Does motivation, or the lack of it, equal interest (or boredom) at work? Whilst I may not feel the motivation for a cold Friday morning in January (laid up at home with a sore back) I feel I ought to have ‘it’. That doesn’t mean I’m bored. I’m just … meh. Let’s be real here, I’m not the only one – people are individuals and therefore we all feel things differently. And that’s OK. There are some around me who outwardly show the same January feeling I have, whilst others are enthused and invigorated by the break and raring to go (that might make the January blues for others feel worse, but that’s a different story). Just because someone ‘feels’ better than me doesn’t mean my feelings are less important, they’re just different. I can still function in my role and engage my colleagues, it just takes me longer to focus and perform to the standards I set myself.
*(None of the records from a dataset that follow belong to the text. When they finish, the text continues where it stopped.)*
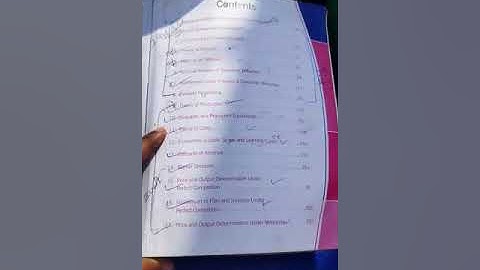 syllabus of managerial economics #managerialeconomics #economics #2022 #mcom #mdu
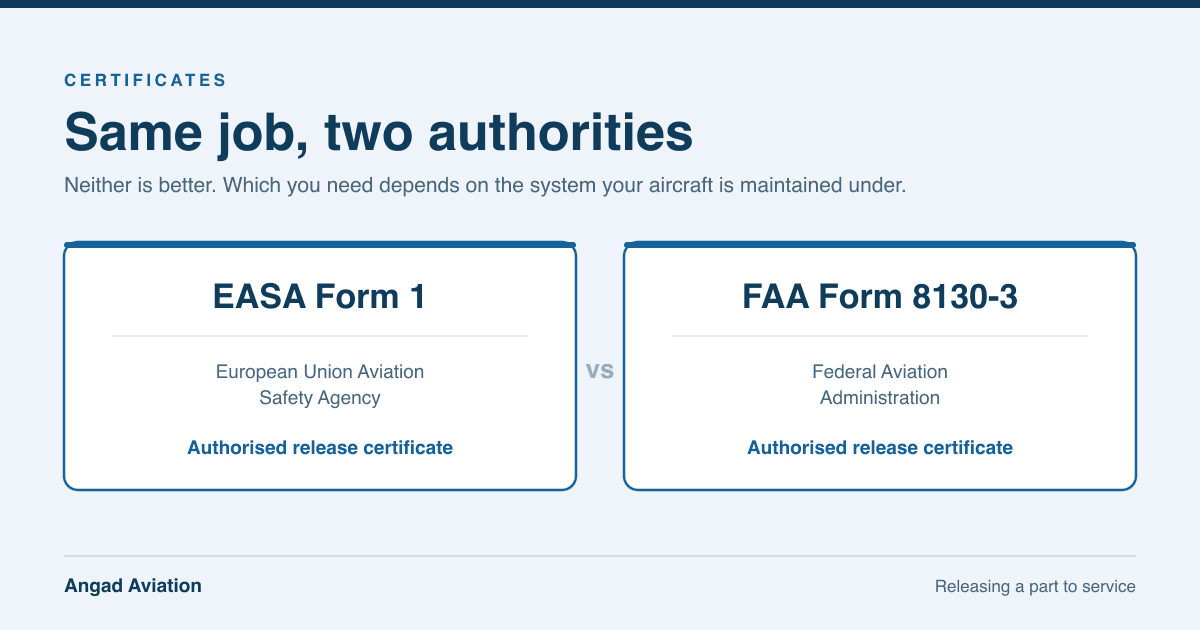 EASA Form 1 vs FAA 8130-3: What's the Difference?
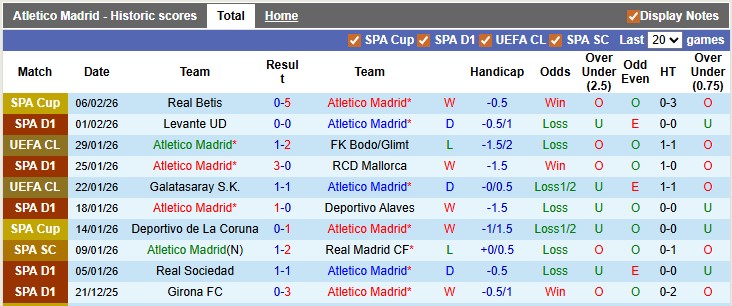 Nhận định, soi kèo Atletico Madrid vs Betis, 0h30 ngày 9/2: Nhọc nhằn vượt ải - Ảnh 1
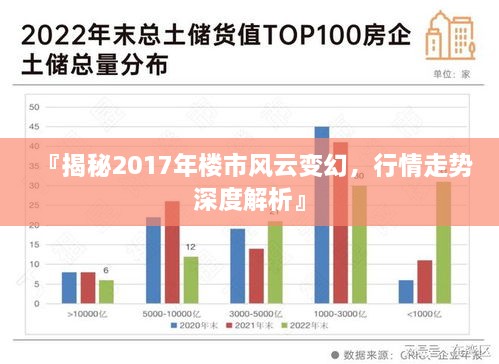 『揭秘2017年樓市風云變幻，行情走勢深度解析』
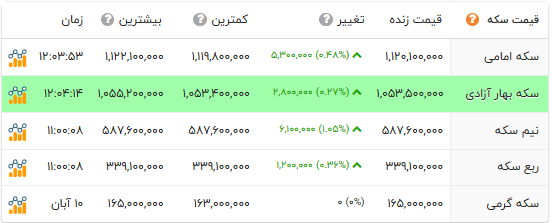 قیمت طلا و سکه آبان 11 آبان قیمت سکه سکه امامی بهارآزادی تمام سکه ربع سکه سکه گرمی قیمت طلا طلای دست دوم قیمت طلا امروز قیمت سکه امروز افق سوم
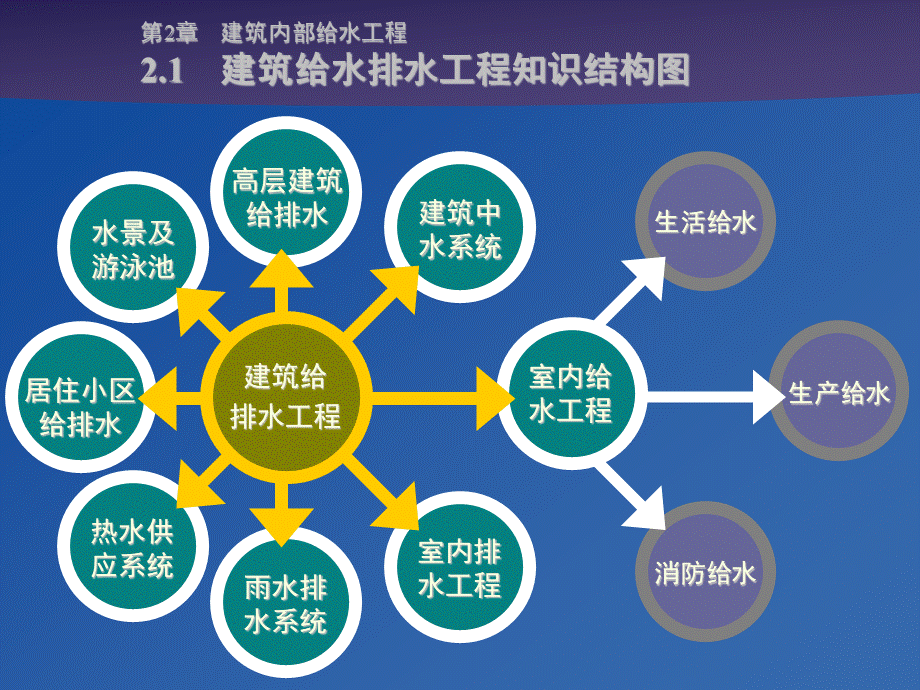 建筑内部给水工程培训课件1.pptx_第2页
Similarly, when you struggle with motivation, it doesn’t mean you’ve lost interest. Dr. Steven Berglas says that, when you think you’ve lost motivation or interest at work, you ought to “engage in more activities designed to ameliorate or eliminate the ‘target cause’ of your agency” – to work harder to overcome it. I’ve been there, tried that. It doesn’t work for me, but might for you. He clarifies this by saying it’s working smarter, not working more, will solve this and that working in “more in ways that are completely different than the ‘same old, same old’ that caused your malaise in the first place.”

How do I motivate myself? I do something different. I listen to some new music. I try something I’ve never done before. I drive a different road to get to the same place. I find motivation in doing something I haven’t done before and showing myself I can do it. My motivation this week came from Laura Ritchie and her post ‘Yes I can? YES YOU CAN!‘ about experience and realising that, well, yes you can!

As the header image for this post states … “You didn’t come this far to only come this far!” That in itself has motivated me to move on, get on with it. Let’s just wait until I can stand straight again, yes?